Skip the pictures. Output only the lines below starting at the line with "Diputadas y especialistas" and ending at the line with "Certified 2024 Mercedes-Benz", both ends included, exactly as they are.

Data Block Start

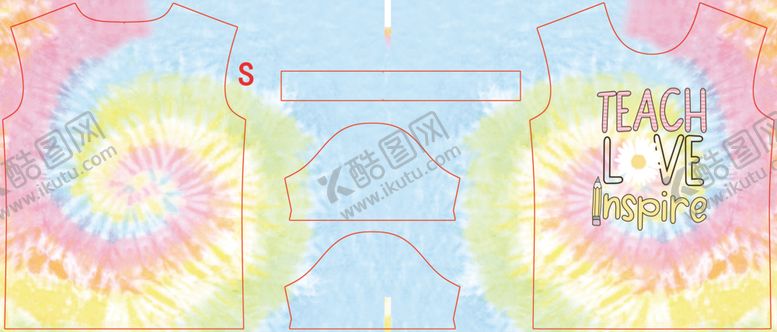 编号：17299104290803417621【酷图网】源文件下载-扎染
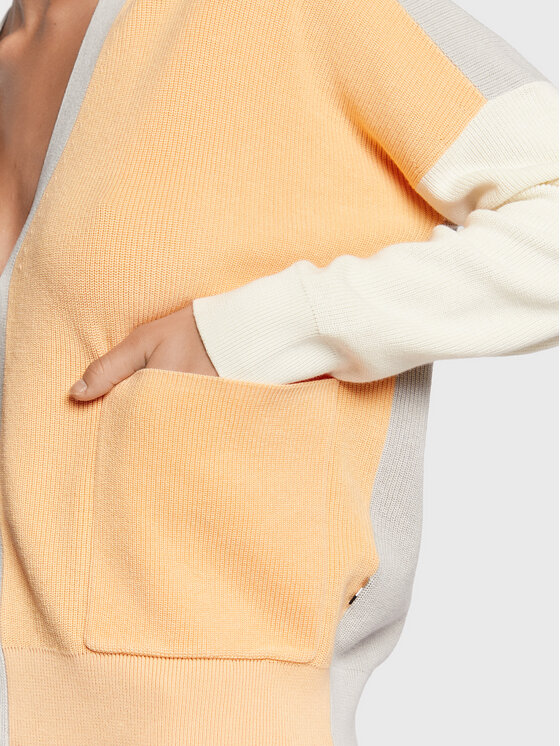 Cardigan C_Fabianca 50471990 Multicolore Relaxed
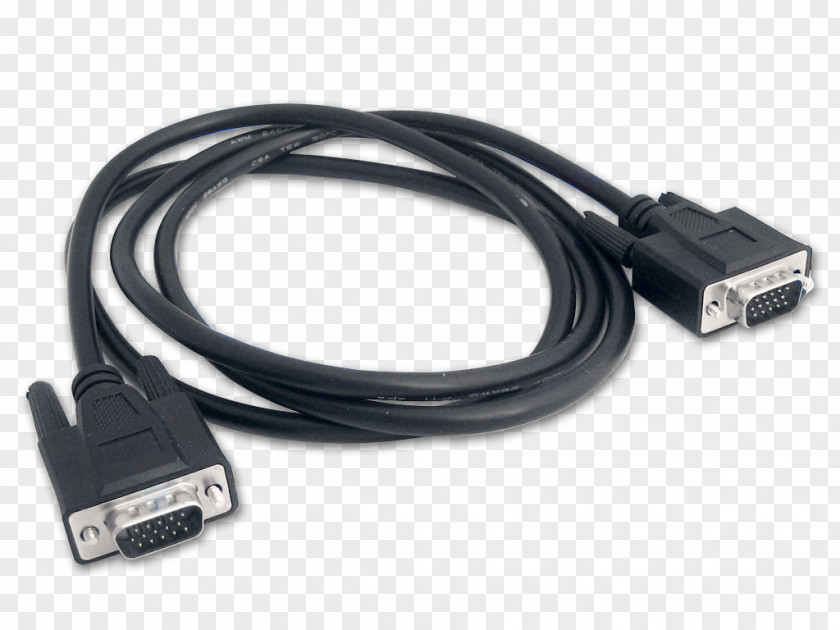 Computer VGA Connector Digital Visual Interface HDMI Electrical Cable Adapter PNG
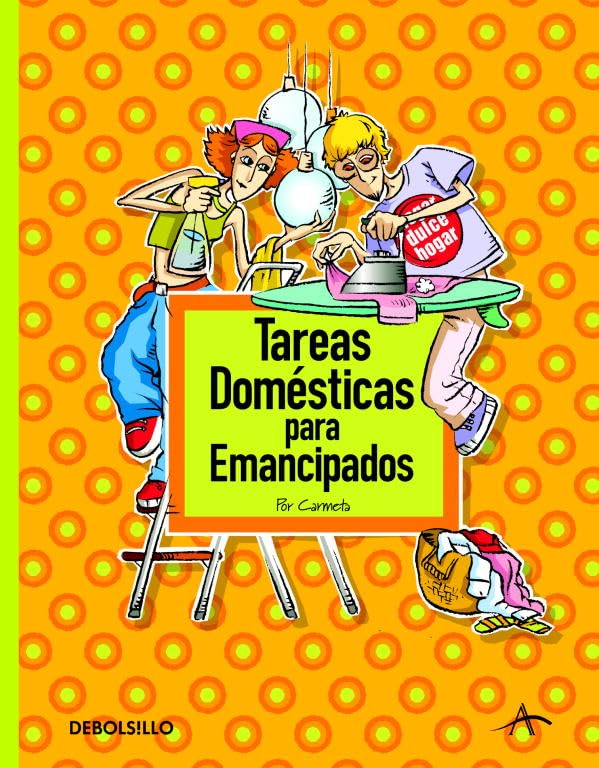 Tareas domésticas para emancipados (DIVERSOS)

Data Block End
Data Block Start

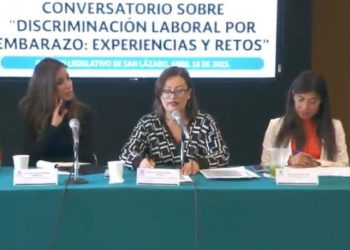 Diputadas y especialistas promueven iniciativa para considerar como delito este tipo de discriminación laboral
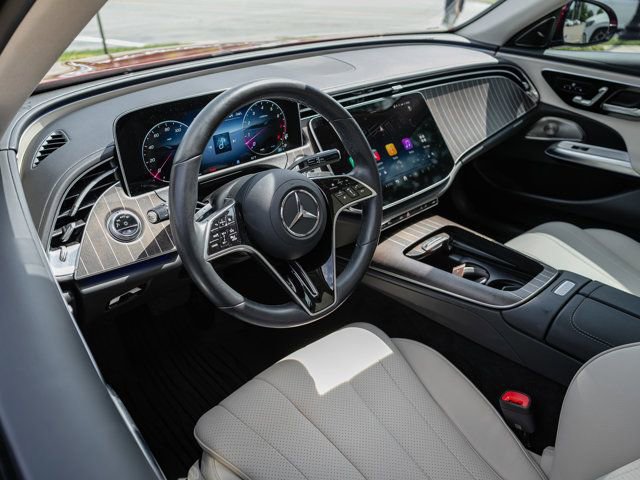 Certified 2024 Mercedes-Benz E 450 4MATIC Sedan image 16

Data Block End

Written response:
 Diputadas y especialistas promueven iniciativa para considerar como delito este tipo de discriminación laboral
 Certified 2024 Mercedes-Benz E 450 4MATIC Sedan image 16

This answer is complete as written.